### AIM OF THE TASK
Exercise in exact copying: restate word for word only the lines below from the one containing "And other things" through the one containing "And then I have", omitting any pictures.

### INPUT RECORDS

Start of Block

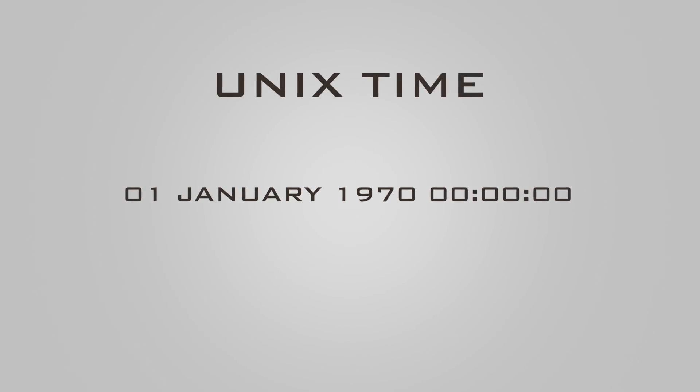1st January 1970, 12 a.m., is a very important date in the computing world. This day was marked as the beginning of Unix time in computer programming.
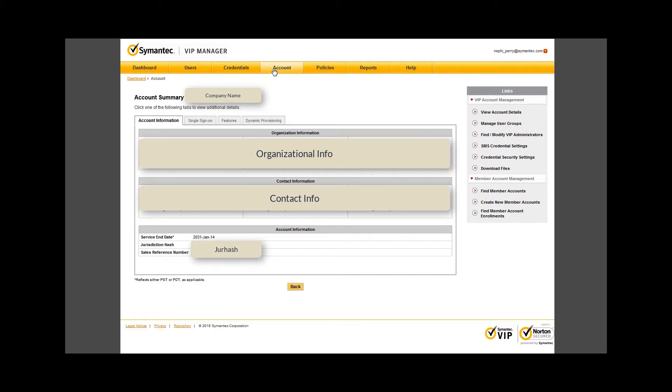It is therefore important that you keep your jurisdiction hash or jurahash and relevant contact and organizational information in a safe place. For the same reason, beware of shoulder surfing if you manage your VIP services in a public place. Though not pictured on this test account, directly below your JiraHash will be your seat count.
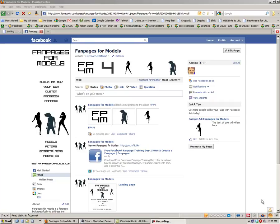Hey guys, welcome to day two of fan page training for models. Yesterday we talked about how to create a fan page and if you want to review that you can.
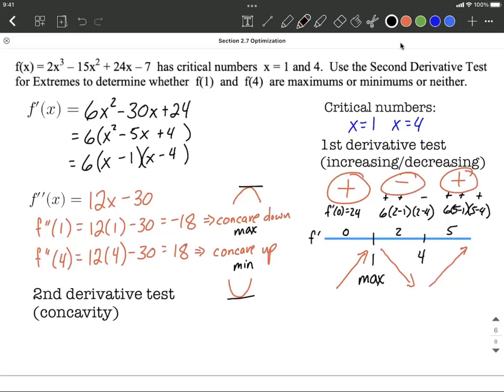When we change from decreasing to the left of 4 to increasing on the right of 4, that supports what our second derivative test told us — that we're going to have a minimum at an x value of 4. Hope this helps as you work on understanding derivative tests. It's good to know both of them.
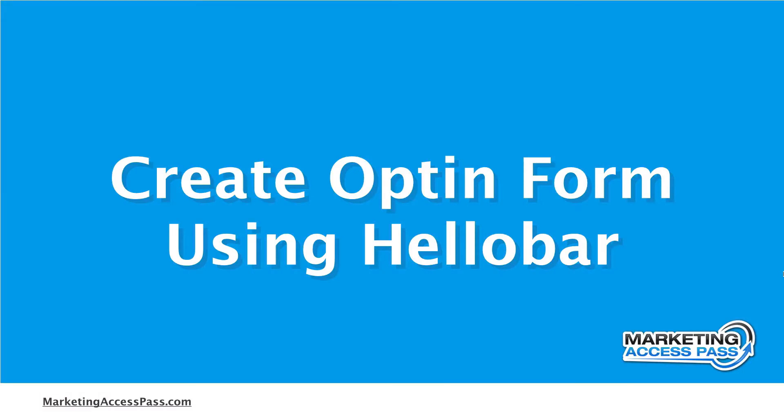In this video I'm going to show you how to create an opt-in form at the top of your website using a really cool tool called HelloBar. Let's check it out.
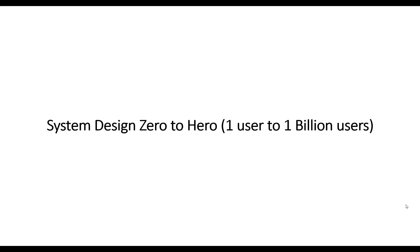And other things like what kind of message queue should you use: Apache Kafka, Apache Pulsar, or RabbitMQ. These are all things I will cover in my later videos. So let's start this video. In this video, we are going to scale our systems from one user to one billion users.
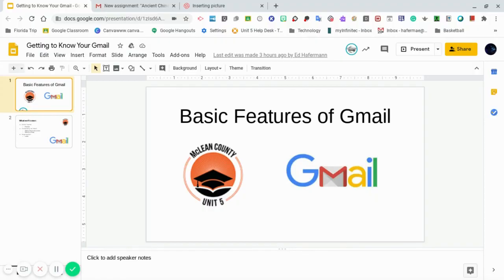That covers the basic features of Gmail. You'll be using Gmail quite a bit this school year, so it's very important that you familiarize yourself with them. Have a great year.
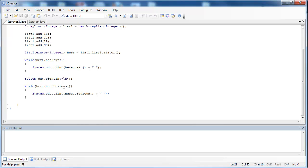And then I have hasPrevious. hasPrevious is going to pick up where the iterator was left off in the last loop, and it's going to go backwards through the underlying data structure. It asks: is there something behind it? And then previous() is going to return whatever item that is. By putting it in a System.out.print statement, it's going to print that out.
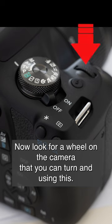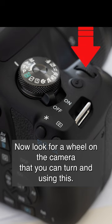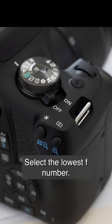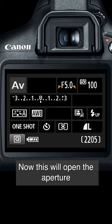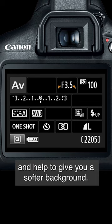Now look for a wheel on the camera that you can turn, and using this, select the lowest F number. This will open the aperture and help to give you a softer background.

End of Block
Start of Block

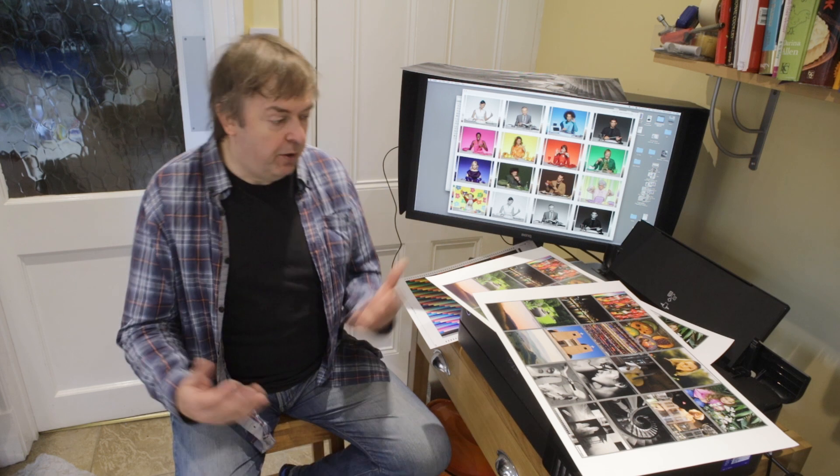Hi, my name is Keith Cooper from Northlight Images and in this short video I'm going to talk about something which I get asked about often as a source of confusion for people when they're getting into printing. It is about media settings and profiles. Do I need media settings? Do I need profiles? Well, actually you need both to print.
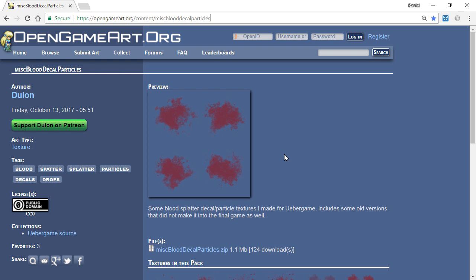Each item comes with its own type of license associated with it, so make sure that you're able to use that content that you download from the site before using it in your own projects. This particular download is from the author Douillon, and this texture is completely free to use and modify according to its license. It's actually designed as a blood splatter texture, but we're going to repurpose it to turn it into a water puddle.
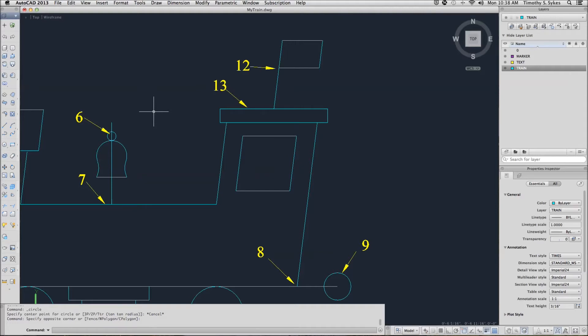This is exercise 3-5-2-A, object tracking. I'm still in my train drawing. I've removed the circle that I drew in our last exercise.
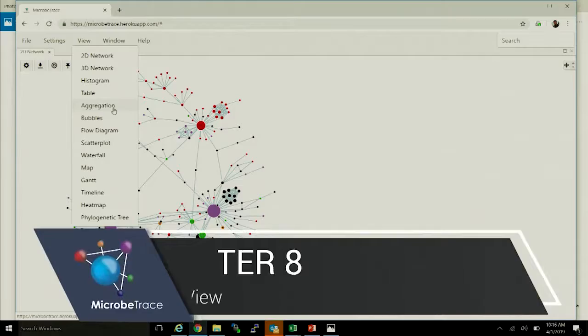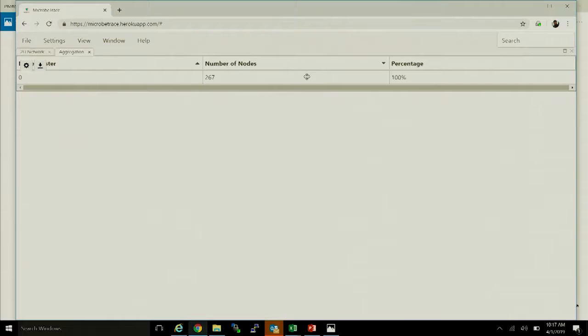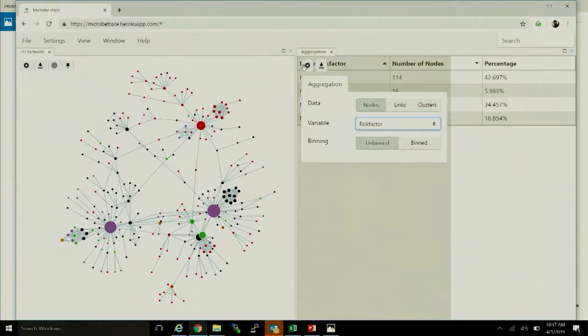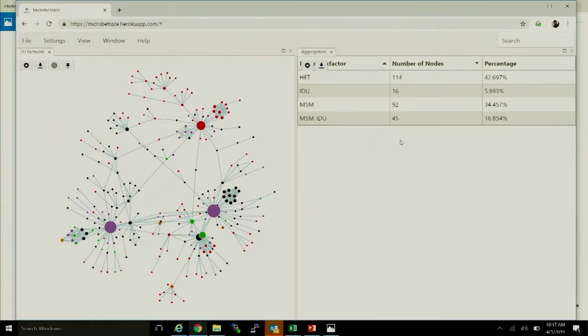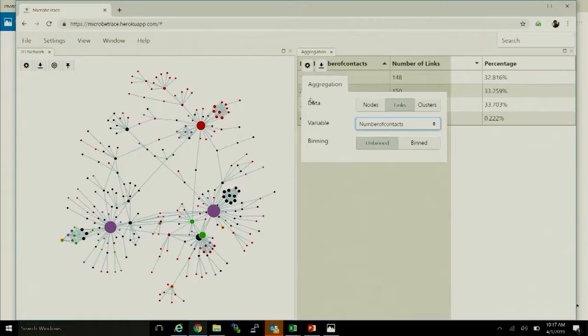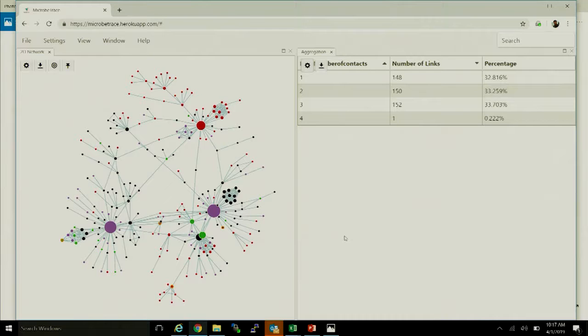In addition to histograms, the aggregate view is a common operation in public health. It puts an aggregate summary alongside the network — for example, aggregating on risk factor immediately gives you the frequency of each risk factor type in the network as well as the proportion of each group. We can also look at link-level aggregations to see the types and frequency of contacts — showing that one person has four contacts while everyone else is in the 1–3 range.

End of Block

### ANSWER FOR THE TASK
And other things like what kind of message queue should you use: Apache Kafka, Apache Pulsar, or RabbitMQ. These are all things I will cover in my later videos. So let's start this video. In this video, we are going to scale our systems from one user to one billion users.
That covers the basic features of Gmail. You'll be using Gmail quite a bit this school year, so it's very important that you familiarize yourself with them. Have a great year.
And then I have hasPrevious. hasPrevious is going to pick up where the iterator was left off in the last loop, and it's going to go backwards through the underlying data structure. It asks: is there something behind it? And then previous() is going to return whatever item that is. By putting it in a System.out.print statement, it's going to print that out.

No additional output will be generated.